The boy at the reception desk
This reminds me of a kid, fifteen or sixteen, who once showed up at our office door without an appointment. No introduction, no networking, no staged confidence, just a big smile and one question to the receptionist: “Can I speak to the director?”
Now, this was a time when even friends could get turned away if they did not call me directly. The receptionist was usually the fortress, polite but firm. Unless your name was on the list, you were not getting through. But this kid had something else. A lightness. Not pushy, not entitled, just real. Curious. Slightly naive in the best way.
Next thing I knew he was standing at my desk, hands folded, eyes wide with excitement. He said, “I have this idea.” He wanted to cycle around local farms with a cargo bike, pick up fresh fruit, vegetables, and sandwiches, and deliver them to companies for lunch. He explained the model in two minutes. He had the route mapped out, the pitch rehearsed, and the enthusiasm fully switched on.
There was only one problem. He did not have the bike.
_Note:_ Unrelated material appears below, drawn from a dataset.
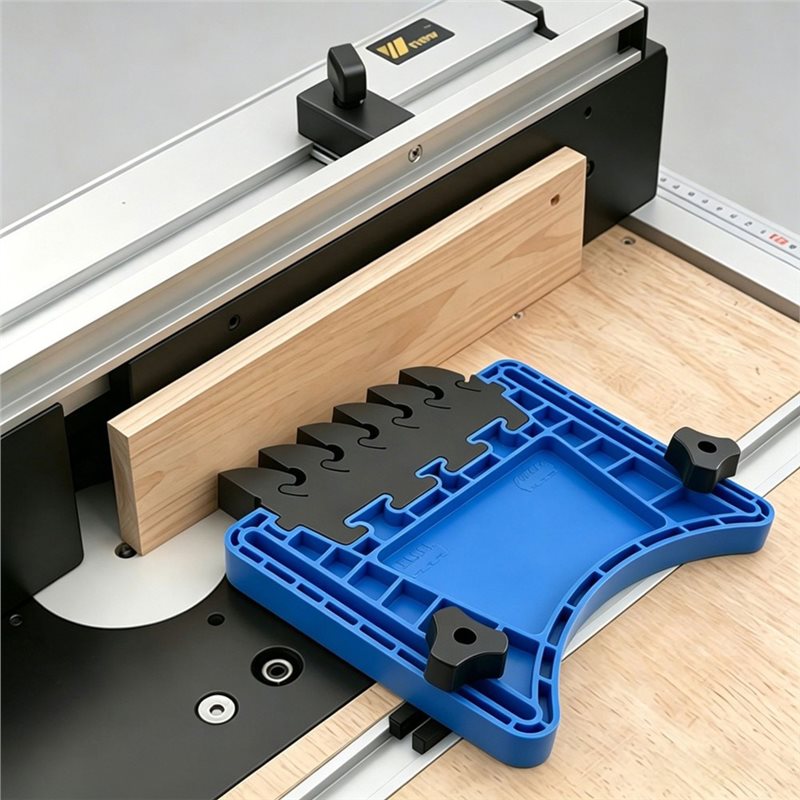 Защитный упор T19C от отскока  – обзор и цена Woodworking Kickback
Five hours later, he was posing proudly next to a brand new cargo bike, beaming like he had won the lottery. The idea itself never really took off, at least not in a way that I saw. Maybe the logistics were too hard, maybe timing was wrong, maybe he pivoted to something else. But the outcome was not the point.
The point was the posture. He did not wait to be perfect. He did not wait until every detail was nailed down. He did not waste time wondering if he would be taken seriously. He showed up, asked cleanly, and gave the world a chance to respond.
The real skill is not asking, it is asking clean
Most people think they cannot ask because they are not confident enough. That is not the real issue. The real issue is that they turn asking into a performance. They add ten paragraphs of context to avoid feeling needy. They apologize in advance. They soften the edges until the request becomes a fog. Then, when nothing happens, they call it proof that the world does not support them.
It is not proof. It is just unclear communication.
A clean ask has three parts: what you need, why it matters, and what you want the other person to do next. It is specific, respectful, and brief. It does not beg. It does not manipulate. It does not try to control the answer. It simply makes a yes possible.
And yes, you might get a no. You already have that no anyway. At least now you get reality, not limbo.
Why the yes is waiting
Here is the quiet truth. Many opportunities are not locked behind talent. They are locked behind reluctance. Behind the fear of taking up space. Behind the fear of bothering someone. Behind the fear of being judged for wanting something. Behind the fear of hearing no and having to stay standing.
That is why the young cleaning lady impressed me. Not because she demanded anything, but because she trusted her own standard enough to speak. That trust is a mirror. When someone looks you in the eye and asks you clearly, you often want to show up, not because you are forced, but because you are invited into something real.
So if you are stuck right now, ask yourself one simple question. Who is the actual source for what I need, and what would a clean, calm request sound like if I stopped negotiating with my fear?
Then do it. Ask.
Not dramatically. Not desperately. Just honestly.